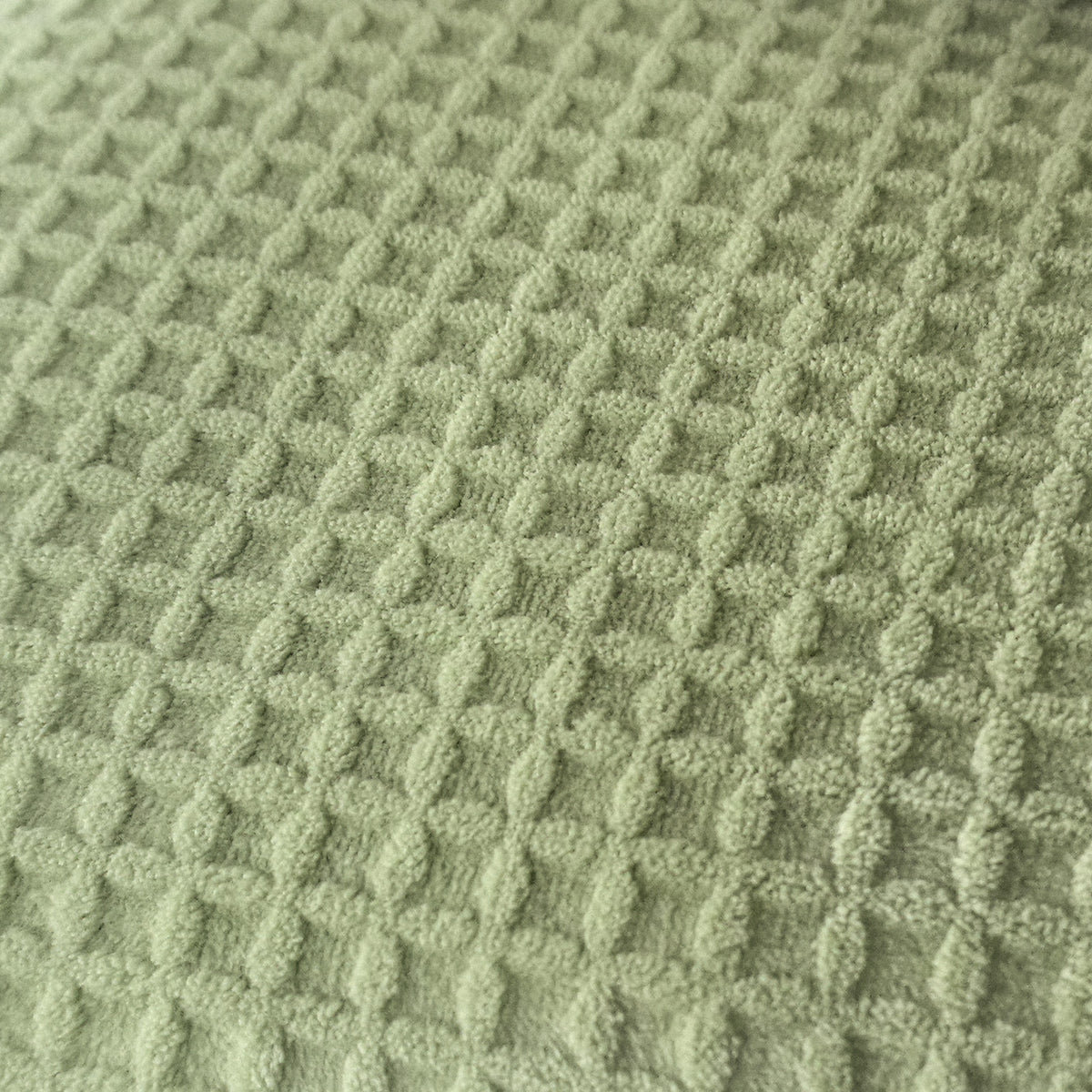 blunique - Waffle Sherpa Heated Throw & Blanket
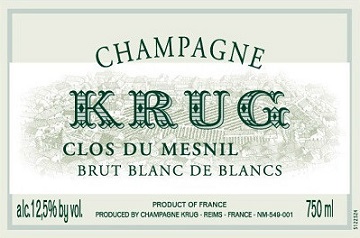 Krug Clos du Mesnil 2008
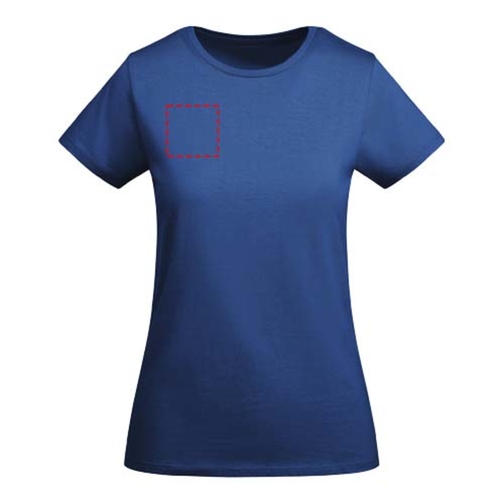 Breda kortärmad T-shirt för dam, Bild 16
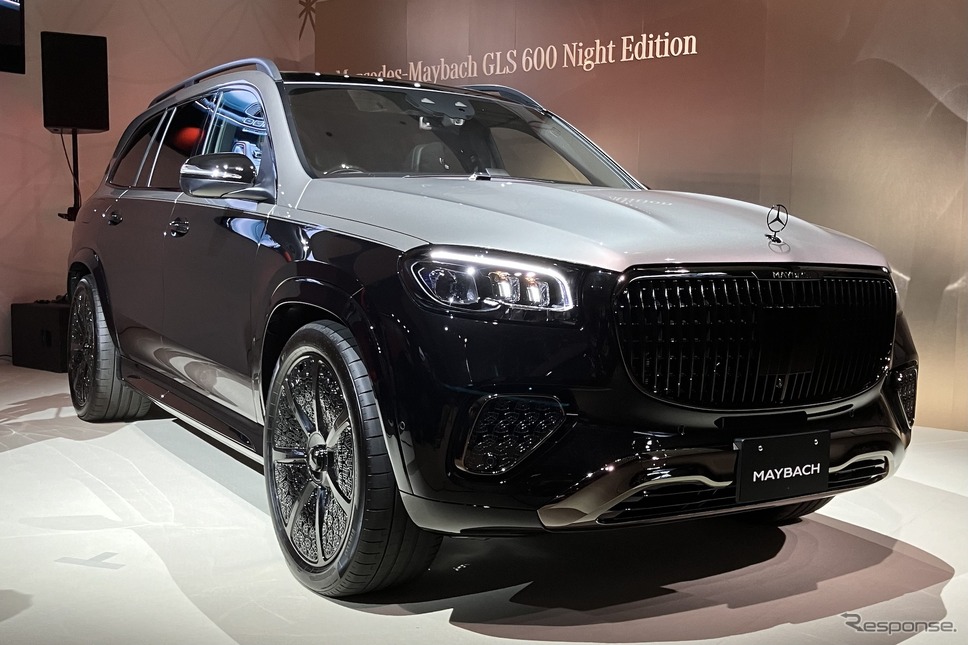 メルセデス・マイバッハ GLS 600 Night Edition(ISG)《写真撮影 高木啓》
* * *
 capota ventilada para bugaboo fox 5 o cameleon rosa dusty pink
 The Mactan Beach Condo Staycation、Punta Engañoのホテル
...
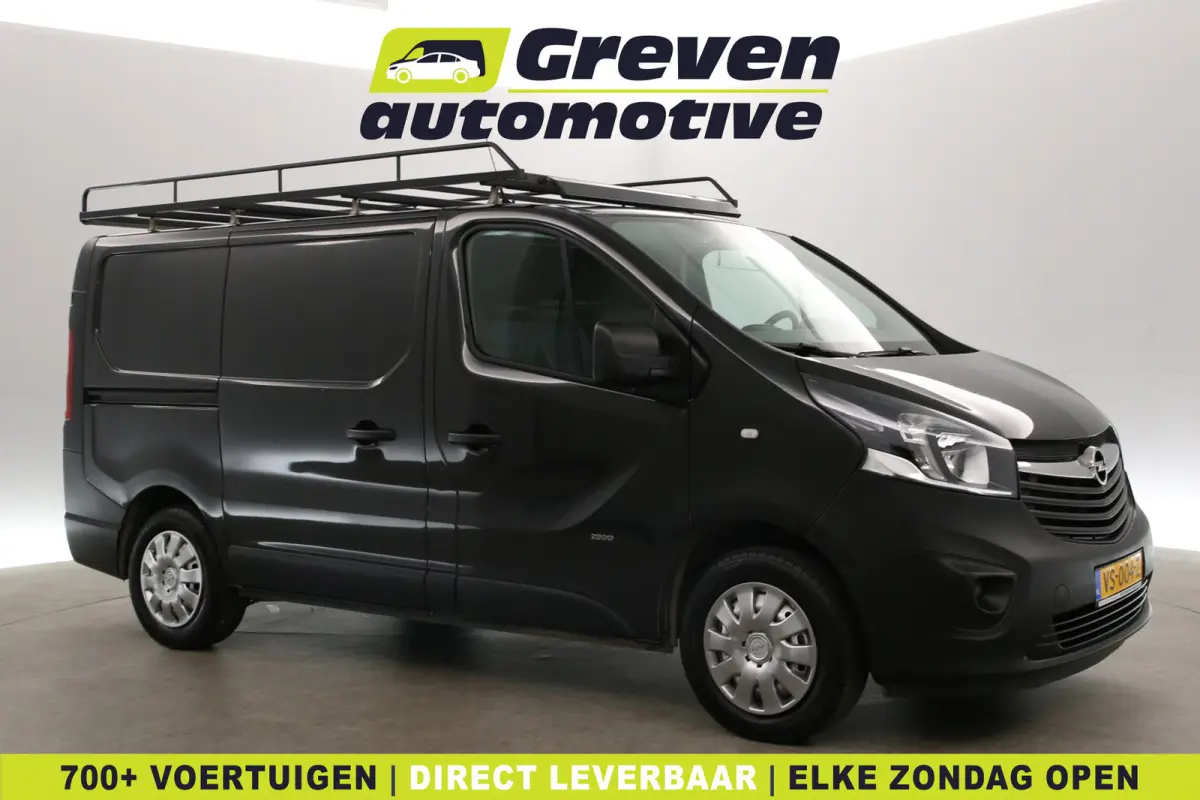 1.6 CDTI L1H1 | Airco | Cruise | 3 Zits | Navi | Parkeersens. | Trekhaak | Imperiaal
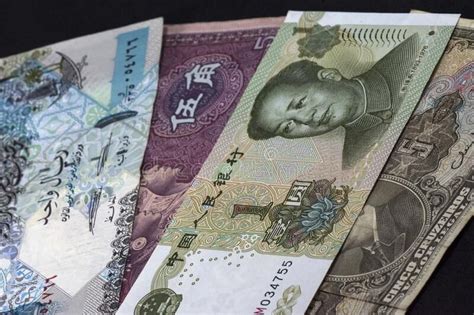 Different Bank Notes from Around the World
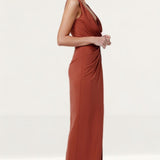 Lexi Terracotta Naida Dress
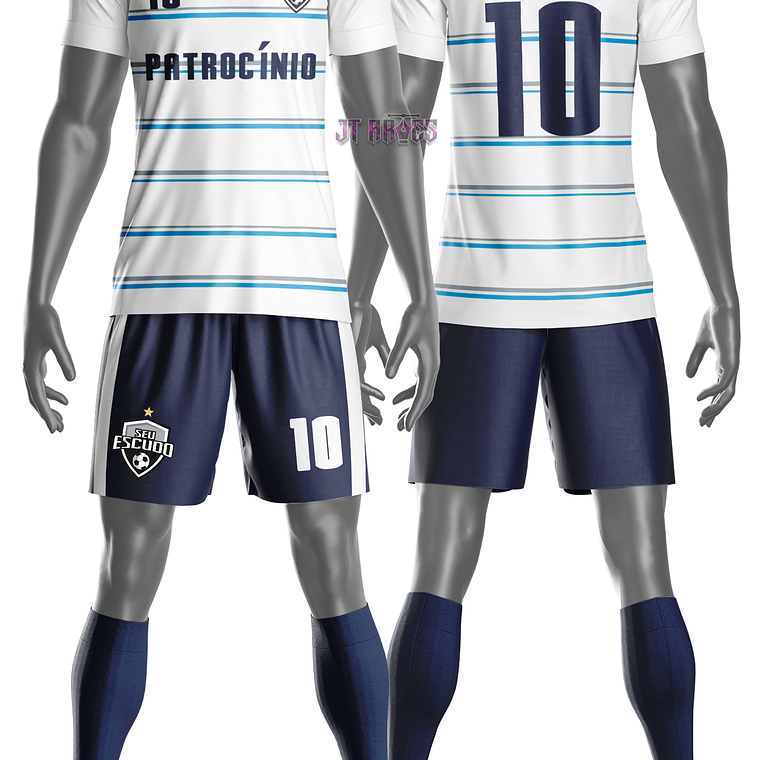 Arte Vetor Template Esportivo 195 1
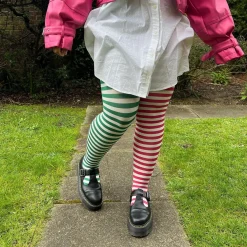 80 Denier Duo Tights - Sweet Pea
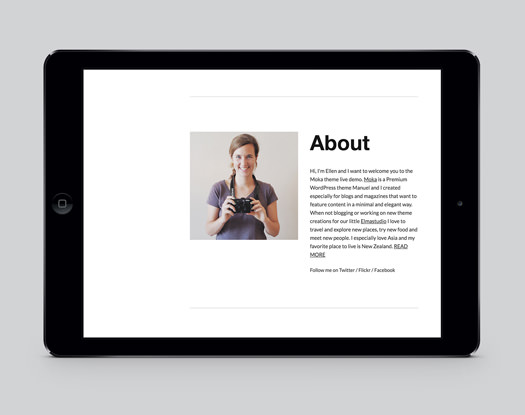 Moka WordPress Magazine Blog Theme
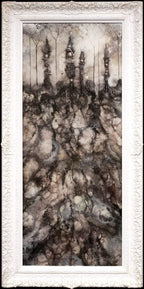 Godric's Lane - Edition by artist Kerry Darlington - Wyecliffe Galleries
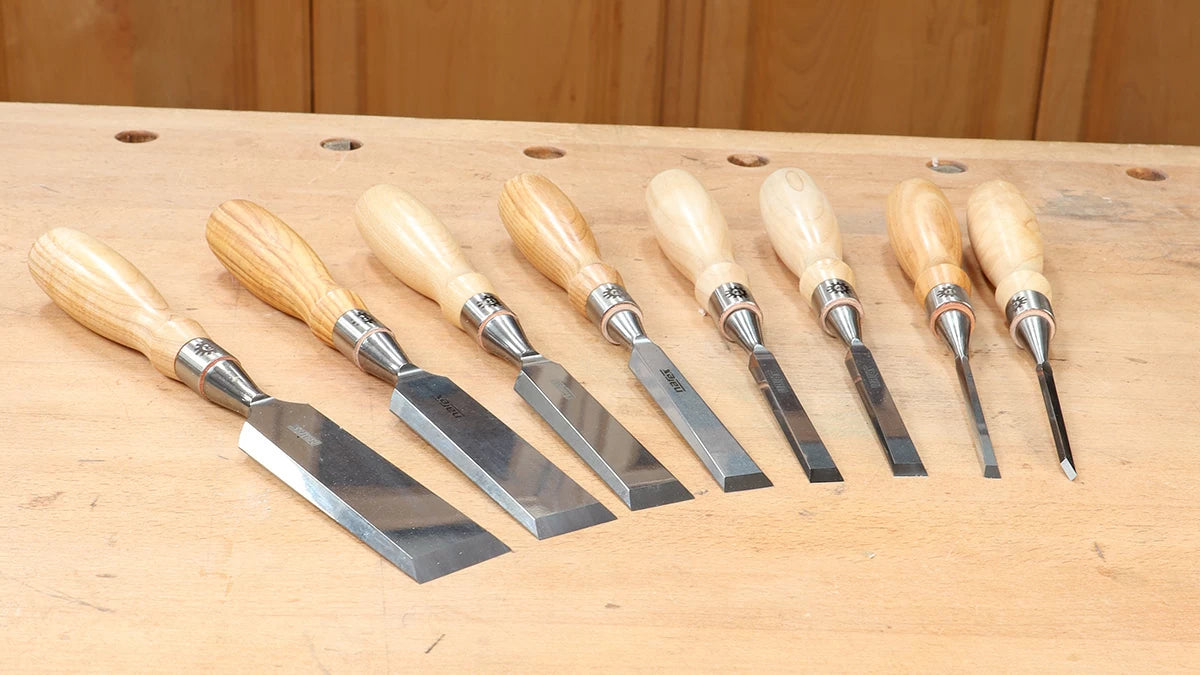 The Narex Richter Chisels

Goal of the exercise: All that is wanted is the lines above between the one containing "blunique - Waffle" and the one containing "メルセデス・マイバッハ GLS 600", inclusive, restated word for word, with pictures omitted.

Result of the exercise:
 blunique - Waffle Sherpa Heated Throw & Blanket
 Krug Clos du Mesnil 2008
 Breda kortärmad T-shirt för dam, Bild 16
 メルセデス・マイバッハ GLS 600 Night Edition(ISG)《写真撮影 高木啓》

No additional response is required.